Les islamistes font de la politique
La chute de la tyrannie d’Assad en un temps record permet toutes les supputations. Les innombrables exactions de la barbarie islamiste sont telles ces dernières années que nombre d’observateurs n’envisagent qu’une forme de talibanisation de la Syrie. Est-ce si sûr ?
L’application, par définition barbare, de la charia, est commune aux islamistes, regroupant une galaxie aussi vaste que celle de l’extrême-droite. La négation des droits humains inaliénables, la hantise de la démocratie et de l’égalité des droits, sont bien une marque de fabrique partagée, depuis les exactions de la république iranienne chiite en passant par Al Qaïda, l’état islamique ou encore la monarchie saoudienne sunnite.

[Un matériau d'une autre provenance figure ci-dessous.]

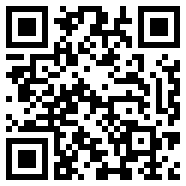 沃课堂app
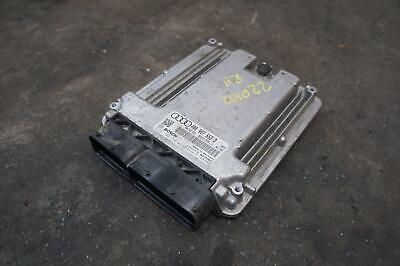 Engine Computer ECU OEM 400907552D  Lamborghini Gallardo LP560 –  Pacific Motors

La dernière décennie a été l’illustration macabre du djihadisme au Proche-Orient, jusqu’au cœur des métropoles occidentales. C’est sans doute la douleur encore immédiate de ces crimes qui empêche bon nombre d’observateurs d’envisager autre chose qu’une répétition macabre et chaotique après la chute des Assad.
Si la prudence est de mise et que nous ne saurions donner un blanc-seing à un « terroriste relooké par les mediatrainers turco-qataris » selon la savoureuse expression de Gilles Kepel, il est tout à fait envisageable qu’Al-Joulani, chef des insurgés et du groupe HTC, parvienne à concilier islamisme et nationalisme.
Ses puissants parrains, Erdogan le néo ottoman ou Al Thani émir qatari, en font la démonstration, dans des sociétés développées. Ils assoient un modèle économique intégré à la mondialisation, tout en soumettant leurs sociétés à une doxa islamiste stricte, permettant de réduire la laïcité turque à peau de chagrin. C’est cette double combinaison qui entretient un hiatus fort commode avec l’Occident, tantôt pour apparaître comme un encombrant partenaire, tantôt comme un relais utile avec des groupes infréquentables. La crise proche-orientale a révélé à large échelle le jeu toujours trouble mené par Doha, reçu en grandes pompes depuis l’Élysée jusqu’au Parc des Princes, tout en servant de base de repli aux bouchers de la branche politique du Hamas.
En somme, les coups portés au périlleux arc chiite de la région, incluant ses proxys, pourraient bien déboucher sur un renforcement de la confrérie des Frères musulmans dont les têtes de pont sont Ankara et Doha. De quoi se réjouir ? Assurément pas, sauf que ceux-ci possèdent des ressorts d’adaptation bien plus élaborés, ignorant le campisme.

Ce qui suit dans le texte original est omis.